Understanding Return On Capital Employed (ROCE)

For those that aren't sure what ROCE is, it measures the amount of pre-tax profits a company can generate from the capital employed in its business. Analysts use this formula to calculate it for Newgen Software Technologies:

Return on Capital Employed = Earnings Before Interest and Tax (EBIT) ÷ (Total Assets - Current Liabilities)

0.19 = ₹2.0b ÷ (₹13b - ₹3.0b) (Based on the trailing twelve months to June 2023).

So, Newgen Software Technologies has an ROCE of 19%. In absolute terms, that's a satisfactory return, but compared to the Software industry average of 12% it's much better.

Check out our latest analysis for Newgen Software Technologies

roce
NSEI:NEWGEN Return on Capital Employed September 28th 2023

Above you can see how the current ROCE for Newgen Software Technologies compares to its prior returns on capital, but there's only so much you can tell from the past. If you're interested, you can view the analysts predictions in our free report on analyst forecasts for the company.

The Trend Of ROCE

While the returns on capital are good, they haven't moved much. The company has consistently earned 19% for the last five years, and the capital employed within the business has risen 140% in that time. 19% is a pretty standard return, and it provides some comfort knowing that Newgen Software Technologies has consistently earned this amount. Over long periods of time, returns like these might not be too exciting, but with consistency they can pay off in terms of share price returns.

In Conclusion...

The main thing to remember is that Newgen Software Technologies has proven its ability to continually reinvest at respectable rates of return. And long term investors would be thrilled with the 333% return they've received over the last five years. So while the positive underlying trends may be accounted for by investors, we still think this stock is worth looking into further.
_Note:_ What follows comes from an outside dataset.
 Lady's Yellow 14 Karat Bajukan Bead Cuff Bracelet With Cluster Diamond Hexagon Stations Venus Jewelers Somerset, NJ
One more thing to note, we've identified 1 warning sign with Newgen Software Technologies and understanding it should be part of your investment process.

If you want to search for solid companies with great earnings, check out this free list of companies with good balance sheets and impressive returns on equity.

Valuation is complex, but we're here to simplify it.

Discover if Newgen Software Technologies might be undervalued or overvalued with our detailed analysis, featuring fair value estimates, potential risks, dividends, insider trades, and its financial condition.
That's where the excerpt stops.